Erstellt am 22. Mai 2021 von Philipp Gartlehner

Vorleser  – oder doch noch mehr? – Lektoratsbeauftragung am 16. Mai 2021

Am 7. Sonntag der Osterzeit, den 16. Mai, wurden Antonius Fischer, Samuel Lerch, Andreas Penzkofer und ich zu Lektoren beauftragt. Die Feier fand im Rahmen der Messe in der Seminarkirche St. Johannes der Täufer statt und Weihbischof Rupert Graf zu Stolberg stand dieser vor.

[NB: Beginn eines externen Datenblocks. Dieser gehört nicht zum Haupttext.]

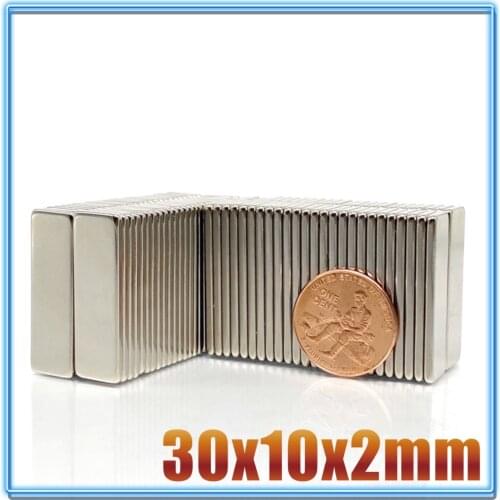 5/10/20PCS 30x10x2 mm N35 Super Strong Block Neodymium Magnets Rare Earth Magnet 30mm x 10mm x 2 mm sheet magnet 30*10*2 mm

„Lesen kann doch jeder!“ Mit diesem Satz bin ich kurz vor der Beauftragung konfrontiert worden und dachte mir: stimmt – aber irgendwie auch nicht. Beim Vorlesen wird Geschriebenes  zu gesprochenem Wort. Dieses dringt zu den Rezipienten, die es ihrerseits hören und dann verarbeiten. Man kann sagen, dass es zu drei Übertragungsschritten kommt und jeder der „Stille Post“ kennt, weiß was auf dem Kommunikationsweg passieren kann. Anhand dieser Schritte möchte ich darlegen warum es sinnvoll ist Lektoren und Lektorinnen auszubilden und für diesen Dienst in der Kirche zu beauftragen.

Im ersten Schritt geht es darum das geschriebene Wort – Gottes Wort – in gesprochene Sprache zu bringen. Dabei scheint mir wichtig, dass man versteht was man liest. Nun handelt es sich bei den Lesungstexten um Wort Gottes, das von Menschen aufgeschrieben und in der Bibel von der Kirche als authentisch festgelegt wurde. In den Texten eröffnet sich ein Raum, in dem wir Gott selbst begegnen können. Wir stehen durch das Wort in Beziehung zu Gott und es wird möglich den tieferen Sinn, der über den Wortsinn hinausgeht, verstehen zu lernen. Dies erfordert eine regelmäßige Auseinandersetzung mit dem Wort Gottes und die Pflege der eigenen Gottesbeziehung – die Betrachtung und das Gebet. Liegt nun ausreichend Verständnis für den Text vor, folgt der Schritt der sprachlichen Gestaltung. Entscheidend ist, dass die Botschaft des Textes durch die sprachliche Gestaltung (Aussprache, Betonungen, Pausen, Redetempo, Melodieführung, Körpersprache, u.v.m.) Ausdruck findet, um gut empfangen werden zu können.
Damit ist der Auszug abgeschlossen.